- [REQUIREMENT] Word for word, reproduce the listing that follows, excluding any pictures it contains.

- [RECORDED INFORMATION]
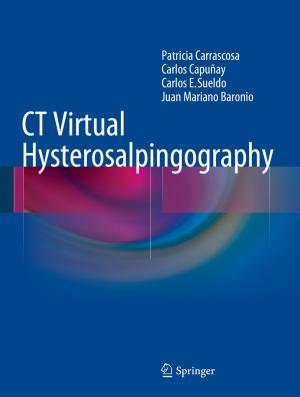 Book cover of CT Virtual Hysterosalpingography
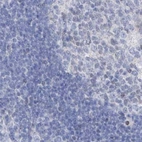 Immunohistochemical staining of human lymph node using Anti-FRS3 antibody HPA030162.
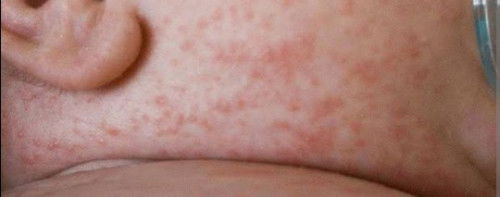 Bintik merah pada leher newborn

- [WRITTEN REPLY]
 Book cover of CT Virtual Hysterosalpingography
 Immunohistochemical staining of human lymph node using Anti-FRS3 antibody HPA030162.
 Bintik merah pada leher newborn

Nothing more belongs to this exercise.